Maine Gov. Janet Mills told a joint convention of the Legislature Monday night that her budget is aimed at the future, and defended it against criticism that it is unsustainable. Mills said her budget is responsible, and provides needed investments in critical areas without raising taxes.
Those areas, Mills said, include health care, education and public safety. She said the state's economy is strong and that her budget is sustainable.
“There will be those who say this budget is government spending run amok, and there will be those who say we should spend more and more," Mills told lawmakers. "I respectfully disagree.”
And, she said, the budget plan meets another one of her important criteria: no tax hikes. “In this budget there are no tax increases. In this budget there are no gimmicks. In this budget three are no negative balances," Mills said. "This budget is pro-growth, it is pro-jobs, it is pro-people.”

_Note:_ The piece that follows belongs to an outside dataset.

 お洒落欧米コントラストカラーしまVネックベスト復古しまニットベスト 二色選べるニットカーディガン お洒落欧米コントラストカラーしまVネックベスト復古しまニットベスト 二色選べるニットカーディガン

But Mills has yet to convince Republican leaders at the State House, who say that the governor's plan relies on rosy economic projections and on too much "one-time" money.
“The numbers assume that this robust economy is going to stay at the same rate of growth that it has been, or maybe even increase,” said Senate Minority Leader Dana Dow, of Waldoboro.
And Dow's Republican counterpart in the House, Minority Leader Kathleen Dillingham, of Oxford, said Mills' address also left her unconvinced that the governor's plan will work going forward. “I still do question the sustainability. The number that she proposed doesn’t seem to take into account any legislative priorities.”
But Mills said the budget does address some priorities that Maine people approved at the ballot box, such as Medicaid expansion.
“Maine, I believe, is well positioned in the years to come," she said. "In short, this budget is sustainable. This budget is balanced as the Constitution requires. It makes responsible investments to tackle serious challenges facing the state and it honors the will of the people.”
The governor's proposal is just a starting point for the actual budget-writing process, which now gets underway.